9. Nu de heffingsambtenaar aan de op hem rustende bewijslast heeft voldaan, komt de rechtbank niet toe aan de vraag of eiser de door hem bepleite waarde aannemelijk heeft gemaakt. Dat er mogelijk beter vergelijkbare objecten voorhanden zijn, doet aan de keuzevrijheid van de heffingsambtenaar niet af. Om diezelfde reden is de heffingsambtenaar er niet toe gehouden om de door eiser genoemde objecten te betrekken in de vaststelling van de waarde van de woning. [4] Deze zijn naar het oordeel van de rechtbank bovendien minder goed vergelijkbaar met de woning dan de vergelijkingsobjecten die de heffingsambtenaar heeft gebruikt, vanwege het verschil in oppervlakte en het feit dat deze objecten niet zijn verkocht rond de waardepeildatum.

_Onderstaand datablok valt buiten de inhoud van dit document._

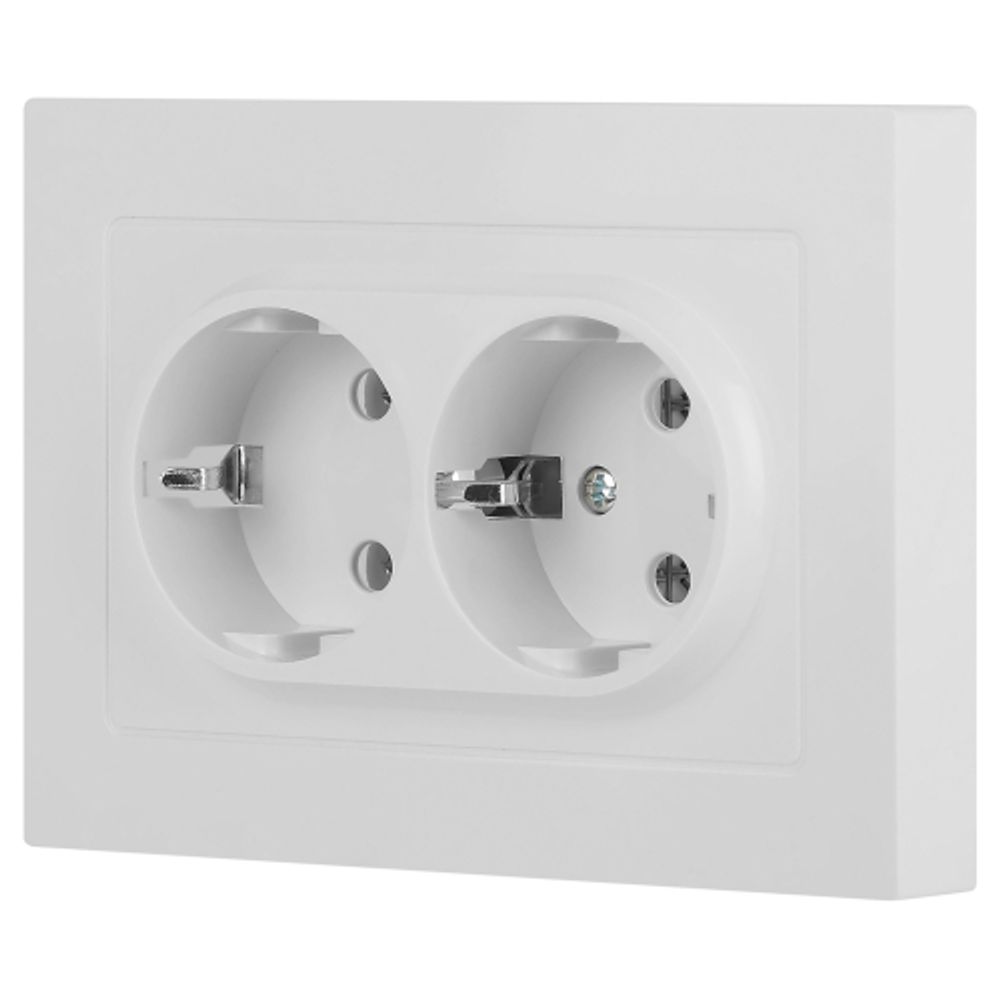 Розетка Intro Accent 6-205-01М двойная с заземлением 2X2P+E Schuko 16А-250В IP20 СУ AL/CU белый матовый | Intro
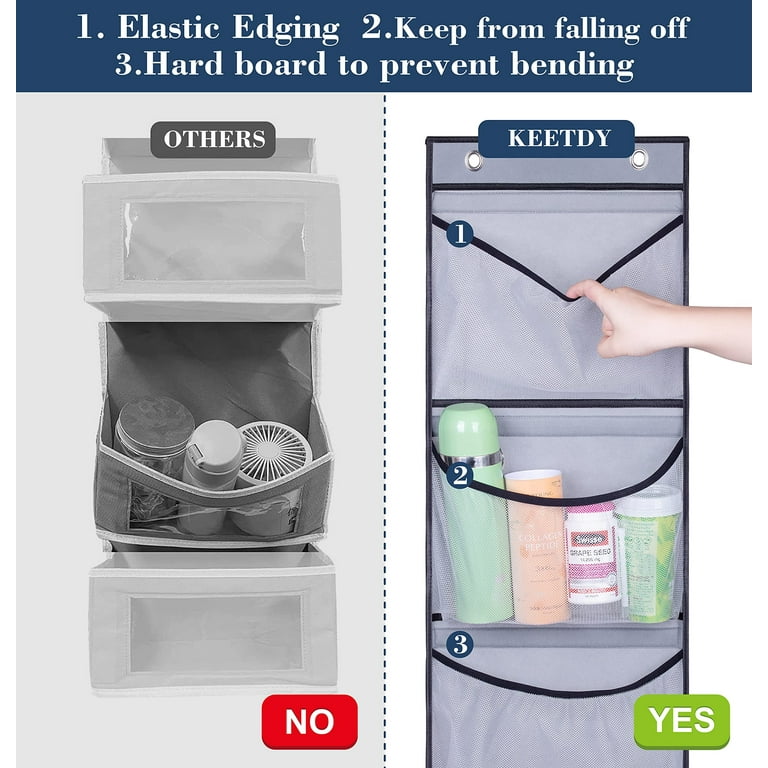 Cragmut 2 Pack Over The Door Hanging Storage Organizer With 5 Mesh Pockets Large Capacity For Bedroom, Bathroom, Closet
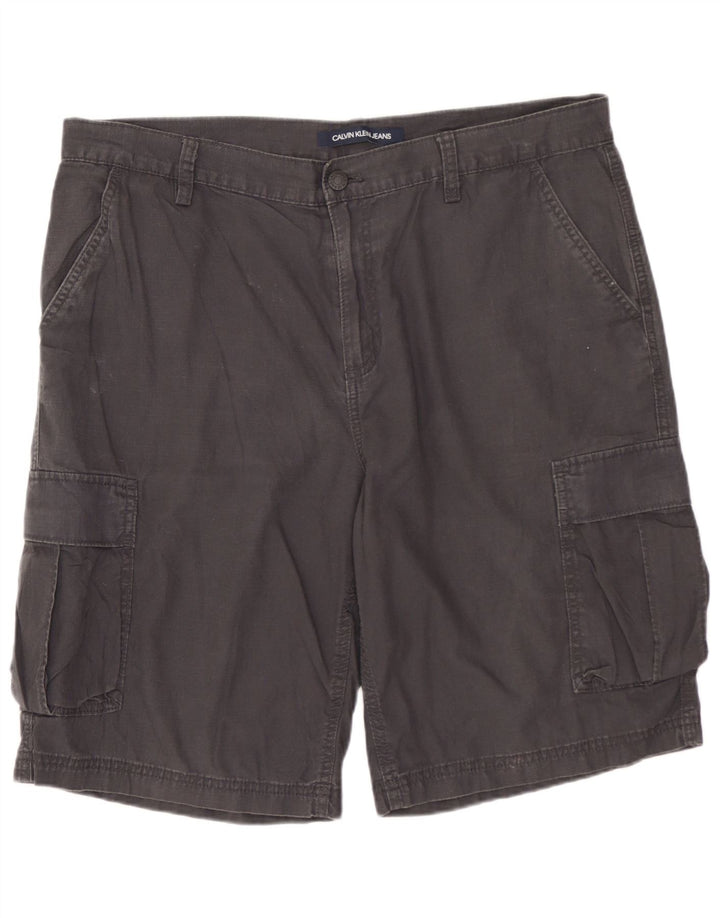 Męskie spodenki cargo CALVIN KLEIN W34, duże, szare, bawełniane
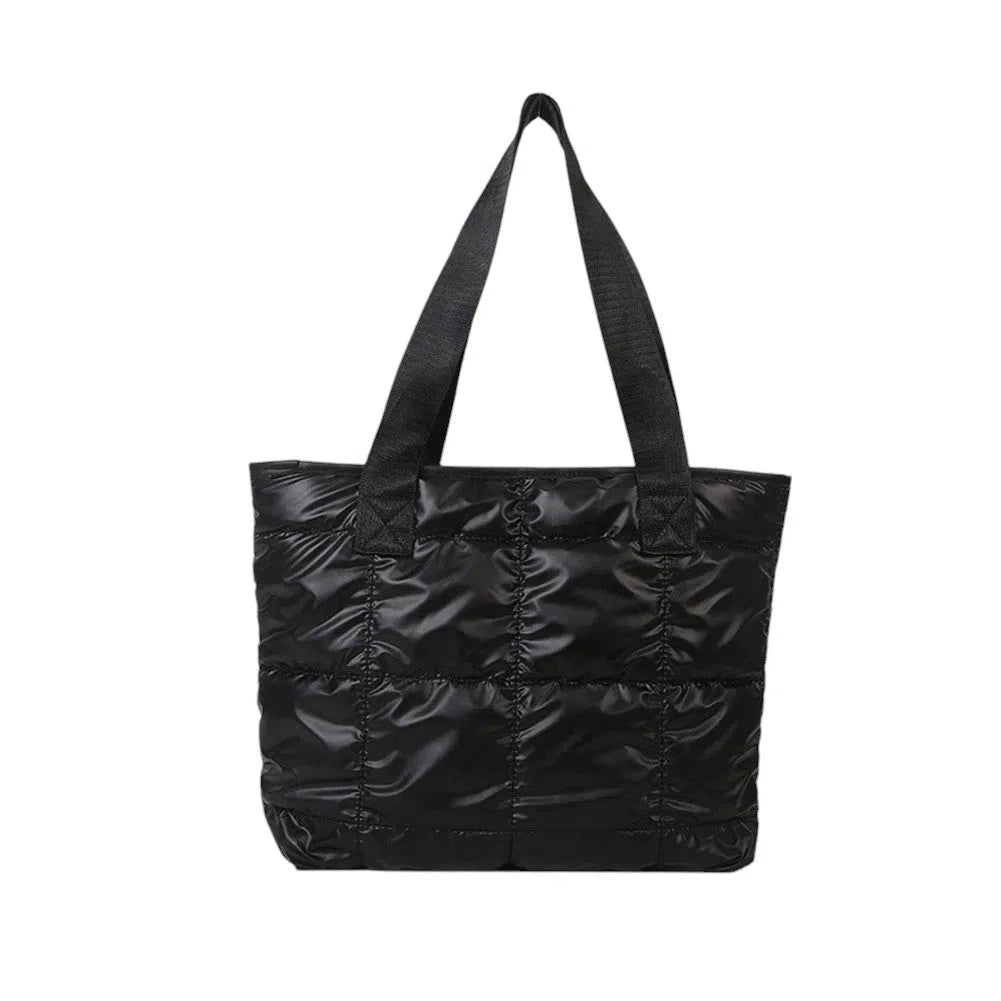 Bolso Shopper Acolchado Nylon Negro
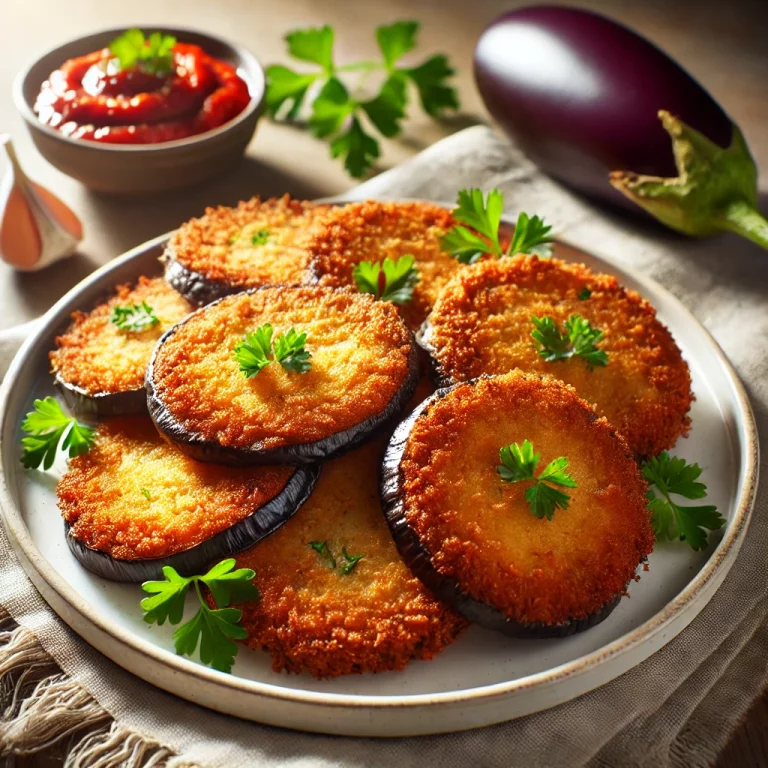 Délicieuses escalopes d'aubergine dorées et croustillantes cuites dans un Air Fryer, garnies de miettes de pain assaisonnées et d'un soupçon d'herbes fraîches.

Het pand aan de [adres 2] [huisnummer 2] en [huisnummer 3] bestond bovendien uit twee appartementen waarvan er één werd verhuurd, wat ook invloed heeft op de waarde.
10. Uit het voorgaande volgt dat het beroep van eiser niet slaagt.

Conclusie en gevolgen

11. Het beroep is ongegrond. Dat betekent dat eiser geen gelijk krijgt. Voor een vergoeding van de proceskosten of het door eiser betaalde griffierecht bestaat geen aanleiding.

Beslissing

De rechtbank verklaart het beroep ongegrond.
Deze uitspraak is gedaan door mr. M.G. Elfferich, rechter, in aanwezigheid van
mr. C.J. van 't Hoff, griffier. De uitspraak is uitgesproken in het openbaar op
25 juli 2024.
griffier
rechter
Een afschrift van deze uitspraak is verzonden aan partijen op:

Informatie over hoger beroep

Een partij die het niet eens is met deze uitspraak, kan een hogerberoepschrift sturen naar het gerechtshof Amsterdam waarin wordt uitgelegd waarom deze partij het niet eens is met deze uitspraak. Het hogerberoepschrift moet worden ingediend binnen zes weken na de dag waarop deze uitspraak is verzonden.
Digitaal beroep instellen kan via “Formulieren en inloggen” op www.rechtspraak.nl. Hoger beroep instellen kan eventueel ook nog steeds door verzending van een brief aan het gerechtshof Amsterdam (belastingkamer), Postbus 1312, 1000 BH Amsterdam.
Kan de indiener de behandeling van het hoger beroep niet afwachten, omdat de zaak spoed heeft, dan kan de indiener de voorzieningenrechter van het gerechtshof Amsterdam vragen om een voorlopige voorziening (een tijdelijke maatregel) te treffen.

Voetnoten

1.Zie artikel 18, eerste en tweede lid, van de Wet Waardering onroerende zaken (Wet WOZ).
2.Zie bijvoorbeeld de uitspraak van het gerechtshof Amsterdam van 2 oktober 2014, ECLI:NL:GHAMS:2014:4570.
3.Zie de wetsgeschiedenis van artikel 17, tweede lid, van de Wet WOZ.
4.Zie de uitspraak van het gerechtshof Amsterdam van 7 februari 2023, ECLI:NL:GHAMS:2023:391.